UConn’s Urban Semester marks 50th year


The program itself is not a study abroad program, but rather an “internship experience,” both Staffin and Barrett said. (Photo via AP)

In 1968, the University of Connecticut’s former president, Homer Babbidge, enacted the Urban Semester program. This now 15 credit program, comprised of both internship and academic experience, rings in its 50th anniversary with high hopes of continued success.

Seventh-semester urban studies major Samantha Staffin is a staff member of the Urban Semester program and was a participant in the fall of 2017.

“[It’s] rewarding… [to] see…people who have come through [the program] and where these people are now,” Staffin said.

The benchmark comes with great significance, said program director Edith Bartlett.

“It means we lasted. Through good times… through rougher times. We are one of, if not the oldest program like this… students go directly into their own community and make change,” Bartlett said.

The program has come a long way. “When the program began, cities across the country were burning down. There were struggling racial relations and economic hard times,” Barrett said.

Since 1968, Urban Semester has continued to address problems like these in the city of Hartford, whether it be through eliminating economic disparity, developing rehabilitation or fostering youth through mentorship.

The 50th Anniversary weekend in Hartford hosted over 80 participants of Urban Semester dating back to the first member to join in 1968. Attendees discussed the development of Hartford over the last 50 years while volunteering at a community garden for Hartford Food Systems and attending a dinner reception the following evening, said Barrett.

Staffin said her internship at Our Piece of the Pie, a Hartford nonprofit dedicated to facilitating the success of at-risk youth, was “life-changing.”

The program is advantageous for sophomores and juniors exploring future career paths, such as Staffin, who completed the program as a junior. It is also popular with seniors set on specific occupations, said Staffin.

“[Seniors] are hoping to get an internship that might end up as a job…to wrap up their undergraduate career,” Staffin said.

Past internships include working in the Social Security office, Hartford Public Charter Schools and the Capitol Building.

Barrett said Urban Semester is open to any student with sophomore standing on any campus.

All students gain the experience of living together in Temple Street Townhouses in downtown Hartford, an immersion into city life less than an hour away from the rural campus of UConn Storrs, Barrett said.

When asked why a student would want to study in Hartford, Staffin said, “Why wouldn’t you want to study abroad in Hartford?

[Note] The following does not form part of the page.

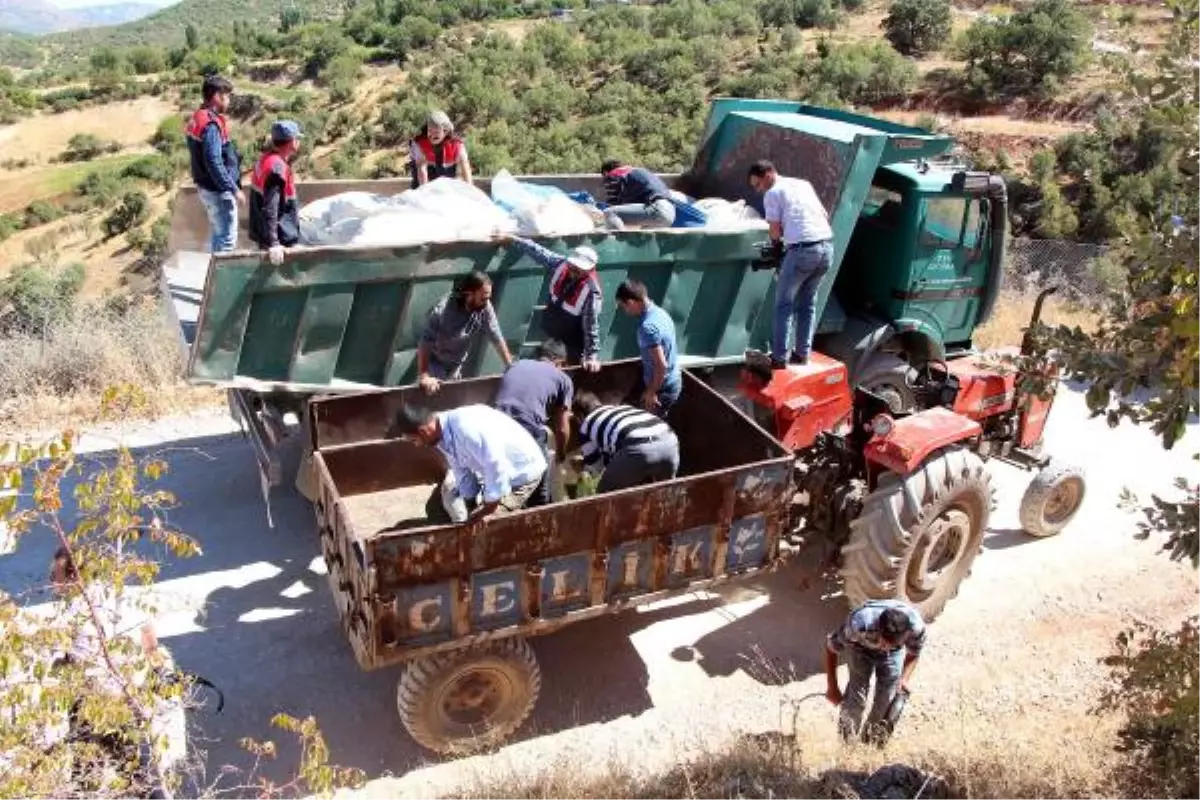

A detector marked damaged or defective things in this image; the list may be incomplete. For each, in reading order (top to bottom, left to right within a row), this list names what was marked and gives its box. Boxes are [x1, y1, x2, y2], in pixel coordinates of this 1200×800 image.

It’s a place where so many problems… we’re seeing in urban areas all over the country…people aren’t getting the access to resources they need.”

Barrett reinforced this responsibility to the community, saying, “We need to do something to give back.”

The program itself is not a study abroad program, but rather an “internship experience,” both Staffin and Barrett said. It is different from traditional study abroad programs in each participant’s ability to complete both an internship at a government agency or non-profit as well as two courses.

“Hartford is a melting pot of immigrants. It is not a foreign experience, it is an American experience,” Barrett said. “You experience an immersion of many cultures.”